Cônjuges são apenas 10% dos visitantes

iG Minas Gerais |

Na penitenciária Estevão Pinto, o abandono dos parceiros se reflete no perfil das visitas. Segundo a Secretaria de Estado de Defesa Social (Seds), quase 80% dos visitantes cadastrados são mães, pais, irmãos, filhos ou amigos das 362 presas, enquanto apenas 10,3% são namorados, cônjuges ou companheiros. Em alguns casos, porém, o abandono chega a ser total, e muitas presas passam anos sem receber nenhum tipo de visita.

Condenada a 13 anos por tráfico de drogas, Elenita Moreira do Nascimento, 62, conta que a própria filha se cadastrou para visitar uma colega de cela, presa há dez anos e que não recebia visitas. “E meu marido se cadastrou para visitar o marido dela em outro presídio.

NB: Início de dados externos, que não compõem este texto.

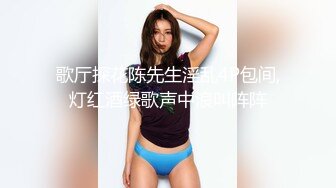 女戰將多年未體驗性愛！把累積的慾火釋放在女班長身上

Não é fácil não ter ninguém”. Outra presa, que pediu anonimato, diz que só recebe visitas do marido e de uma filha. “Gostaria que meus irmãos viessem. Mas eles não têm coragem”, lamenta.

Advogada voluntária da Pastoral Carcerária, Jaqueline Pereira conta que basta comparar a fila de visitantes de um presídio masculino com um feminino para ver a diferença. Segundo ela, além da carência afetiva, existe um sentimento de inferioridade em quem não recebe visitas, pela ausência de pertences e objetos de uso pessoal, normalmente levados pelas famílias. “Esses produtos viram moeda de troca, e quem não tem fica em situação inferior”.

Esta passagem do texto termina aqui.